Диль удивился. Он вообще не называл своего имени, тем более полного, а людей, который его знали, он не встречал уже давно. Разве что Талеб…
– Разумеется, я устал, господин, – вежливо сказал он, – время уже позднее, а сегодня я работал почти целый день…
– Тяжело, – перебил худой, – особенно в твоем возрасте. Еще сколько лет ты сможешь прыгать да кувыркаться, Дильмар Ванрел? Сколько лет твой организм выдержит ночевки на голой земле? Когда начнется ревматизм? Напомнят о себе старые травмы?
Диль пожал плечами:
– Не знаю. Пока мой организм без труда выдерживает ночевки на голой земле, а серьезных травм у меня не было, господин.
– И все же? Ты не настолько глуп, чтобы ни разу не задуматься о том, что будет с тобой завтра. Конечно, ты этого не любишь, потому что, заглядывая в будущее, видишь только черную дыру нищеты и беспросветности. Станешь просить милостыню?
– Когда я не смогу прыгать и кувыркаться, господин, я смогу жонглировать…
Худой снова перебил:
– Сколько лет, Дильмар? Тебе тридцать восемь, это уже преклонный возраст для твоей профессии.
– Может, пять лет, – спокойно сказал Диль. – Я действительно не люблю заглядывать в будущее. Вы совершенно правы, господин. И что с того?
Он расхохотался.
– Да ничего. Мне всегда было интересно, на что рассчитывают люди вроде тебя. Ну, допустим, ты протянешь еще семь лет. Сорок пять – расцвет для мужчины… и что для тебя?

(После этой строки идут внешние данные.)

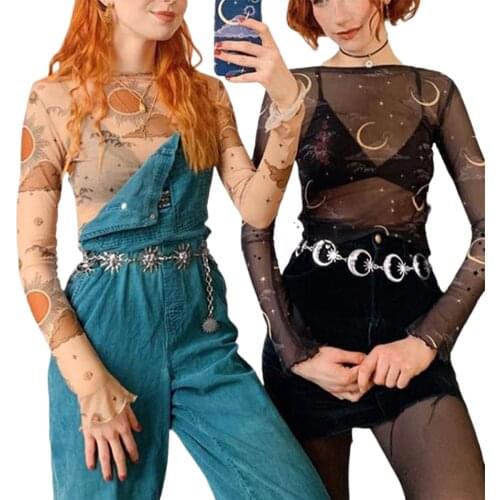 New Hot Fashion Women Vintage Punk Waist Chain Moon Sun Pendant Gothic Punk Silver Waist Belt Music Festival Bar Masquerade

– Оставь ты, Франк, – наконец подал голос плотный. – Какая разница, на что он рассчитывает?
Диль невольно поежился, уже не списывая ощущение холода на сквозняк.

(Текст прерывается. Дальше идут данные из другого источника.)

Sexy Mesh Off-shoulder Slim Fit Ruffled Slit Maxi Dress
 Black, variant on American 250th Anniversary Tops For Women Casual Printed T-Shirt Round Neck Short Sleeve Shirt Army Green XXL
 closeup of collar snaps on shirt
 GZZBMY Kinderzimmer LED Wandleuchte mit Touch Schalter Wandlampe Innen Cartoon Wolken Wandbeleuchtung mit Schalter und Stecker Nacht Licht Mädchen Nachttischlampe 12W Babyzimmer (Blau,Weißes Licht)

– Дильмар Ванрел, – скучно начал худой, – тридцать восемь лет, акробат. Родился, естественно, в Ванрелле, три брата, две сестры, школа… шесть классов, если я не ошибаюсь. И тут цирк. В четырнадцать лет уходит вместе с цирком уже как акробат – ну талант вдруг у мальчика открылся. Имеет успех, становится знаменитостью, попадает в цирк Тейера, выступает в паре с Ауром Силдом, известнейшим, но уже стареющим акробатом… как там это у вас называется – нижний и верхний? На празднествах в столице удостоен чести выступать перед королевской семьей… и тут на него обращает внимание принцесса, красотка хоть куда, но печально известная вертихвостка… Удрать из ее спальни успевает, но попадается в подозрительной близости от ее покоев, оказывается в подвалах крепости…
Диль чувствовал, что перестает дышать. Он бы и рад был вдохнуть поглубже, но не получалось, грудь словно парализовало, и воздух проходил в легкие очень маленькими порциями. Слишком отчетливо вспомнилось все. Слишком. И вовсе не память о подвалах сжала ему сердце.
Франк смотрел в упор, вовсе не мигая, словно василиск. И Даль каменел, словно под взглядом василиска.
– Дальше сам расскажешь?
– Зачем? – вытолкнул Диль. – Вы и так знаете.
– Умные люди говорят, что это помогает, – сочувственно произнес Франк. Фальшиво сочувственно. – Врут, конечно, но попытайся выговориться, вдруг да и в самом деле поможет.
– Мне не поможет, – сказал Диль. – Я живу с этим восемнадцать лет, господин. И умру с этим. Согласитесь, у меня было время увериться…
– Ага. Ну ладно, тогда поправишь меня, если вдруг ошибусь. В общем, оказавшись в камере пыток, Дильмар Ванрел не признается в покушении на принцессину честь… и я уж не знаю, по какой именно причине. Причин вообще-то две: первая и самая естественная – опасение за свою никчемную жизнь. Любой так бы и подумал. Но Дильмар умудрился к двадцати годам остаться идеалистом, верящим не только в любовь, но и в честь принцесс, потому я допускаю мысль о том, что именно эту честь он и оберегал… Пытали-то крепко?